Ellie Bamber and Derek Jacobi
Left: Ellie Bamber, who is set to play Kate Moss in 'Moss and Freud.' (Photo by Mike Marsland/WireImage); Right: Derek Jacobi, who is set to play Lucian Freud. (Photo by John Phillips/Getty Images)

Film history is full of great duos: Bonnie and Clyde, Butch Cassidy and the Sundance Kid, Thelma and Louise… Now, another odd couple is about to join that cinematic roster: supermodel Kate Moss and painter Lucian Freud, whose friendship is the subject of the upcoming film Moss and Freud.

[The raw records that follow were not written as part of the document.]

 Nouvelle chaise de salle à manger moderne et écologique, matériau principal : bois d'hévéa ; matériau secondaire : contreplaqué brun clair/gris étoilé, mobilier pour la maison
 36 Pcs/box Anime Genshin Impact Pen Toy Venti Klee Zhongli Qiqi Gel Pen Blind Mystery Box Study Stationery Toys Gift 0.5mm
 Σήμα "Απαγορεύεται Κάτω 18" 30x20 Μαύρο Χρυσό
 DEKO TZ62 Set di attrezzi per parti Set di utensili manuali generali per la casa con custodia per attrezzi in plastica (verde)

Conceived of by the supermodel and produced with the Lucian Freud archive, the movie is set to be directed by James Lucas, who won an Oscar for live action short for his film The Phone Call in 2013. British actress Ellie Bamber, best known for her roles in The Serpent and Nocturnal Animals, stars as Moss, with Derek Jacobi of Murder on the Orient Express slated to play Freud, according to Variety.

Moss was at the height of her fame in the early aughts, when the events of Moss and Freud take place. She was the face of the “heroin chic” era of modeling, starring in ad campaigns for brands including Dior, Calvin Klein, Rimmel London, and David Yurman. In 2002, she was also newly pregnant by her then-boyfriend Jefferson Hack, co-founder of Dazed Media.

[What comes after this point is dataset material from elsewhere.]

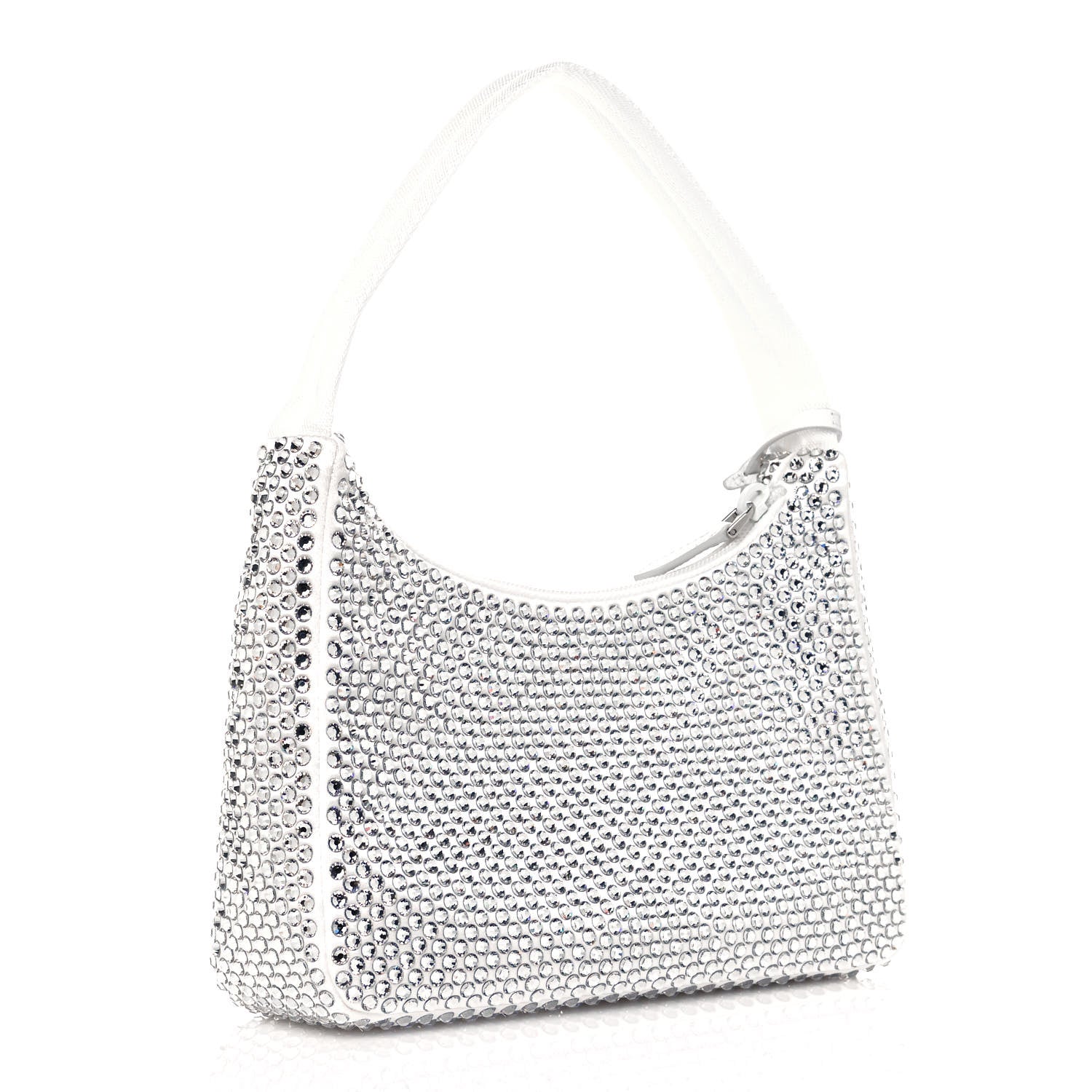 Prada Satin Crystal Mini Re-Edition 2000 Bag White 4 of 11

Meanwhile, Lucian Freud, the grandson of the psychoanalyst Sigmund Freud, was a well-established art star who had come up as part of the so-called “School of London” group that also included Francis Bacon and David Hockney. He was known for his unsparring eye, and rarely painted celebrities—but he did invite Moss to sit for him, reportedly after reading an interview she gave in i-D magazine where she said one of her goals in life was to pose for the painter.

Model Kate Moss is pictured out with painter Lucian Freud on December 16, 2003 in West London. (Photo by Gareth Cattermole/Getty Images)

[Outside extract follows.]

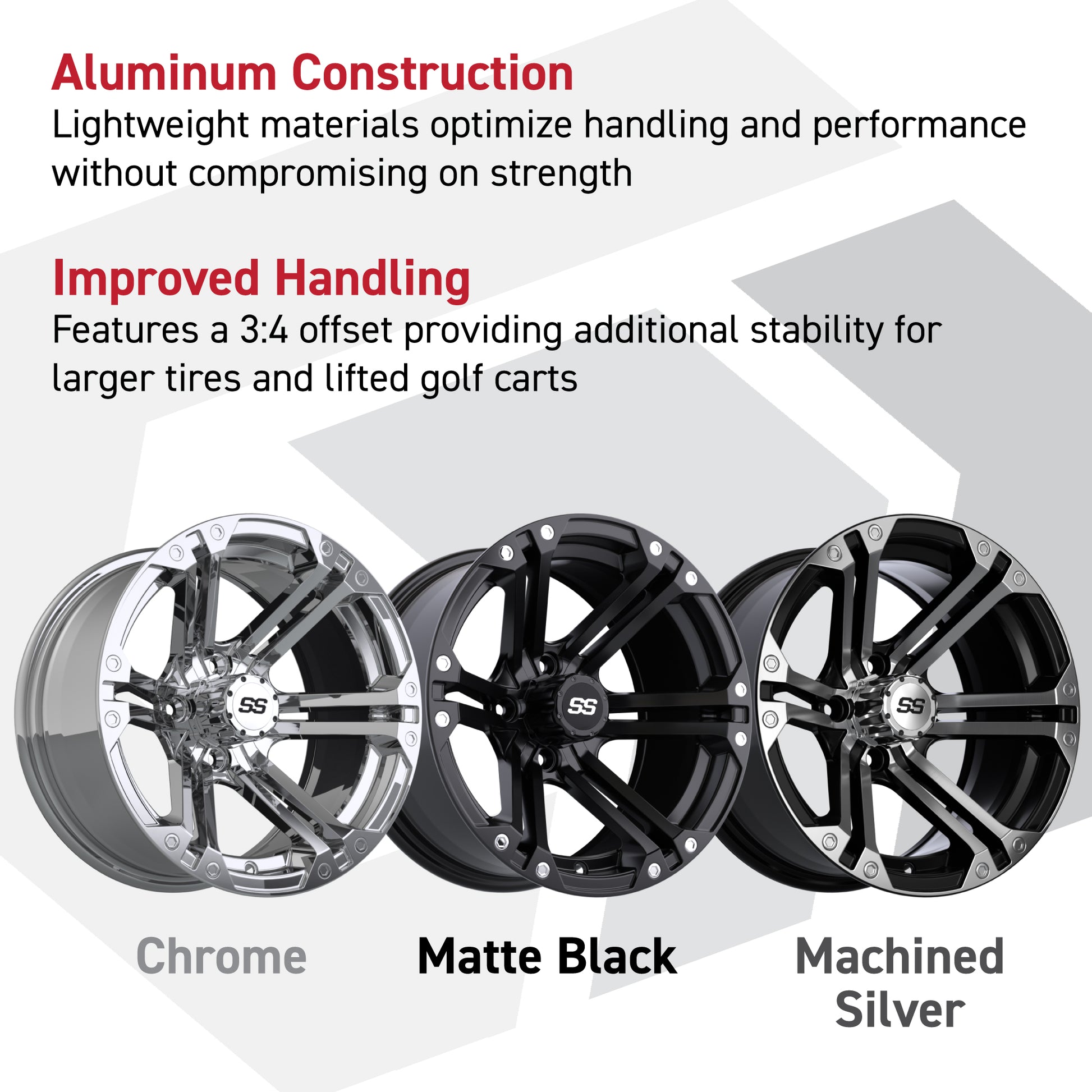 Set of (4) 10 in GTW Specter Wheels with 205/50-10 Kenda Pro Tour Tires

In seven-hour stints over the course of nine months, Moss reported to Freud’s Holland Park Studio to pose, learning “discipline” from the artist who chastised her for being even five minutes late. In the course of their meetings, the two developed a close relationship, despite living at diametrically opposed ends of the social spectrum.

The painting that resulted from the sittings was auctioned at Christie’s in 2005, fetching £3,928,000, a record for the artist at the time. The catalogue described the work as “a union of opposites,” applying the “slow scrutiny and technique of the old masters to the iconic figure from the fleeting and superficial world of contemporary fashion, magazine covers, and commercial advertising.”

Lucian Freud’s painting Naked Portrait 2002 (2002) of supermodel Kate Moss ahead of its sale at Christie’s. Photo: Jim Watson/AFP via Getty Images.

Moss herself was left with a permanent reminder of her time with Freud, as the artist hand-tattooed a pair of swallows on the model, a relic from his days in the Navy inking fellow sailors. “I mean, it’s an original Freud,” Moss once said of the tattoo in an interview, “I wonder how much a collector would pay for that? A few million?”

Their relationship was also documented by David Dawson, Freud’s longtime studio assistant, whose intimate shot of the two snuggled in bed together a year before Freud’s death was shown at an exhibition of Dawson’s photographs at Pallant House in 2012.

 

“As this is such a personal story of mine it has been essential that I be involved with James [Lucas] in all aspects as the project has developed,” Moss said in a statement. “I am thrilled by the recent casting and excited that the film will begin shooting soon, I cannot wait to see it.”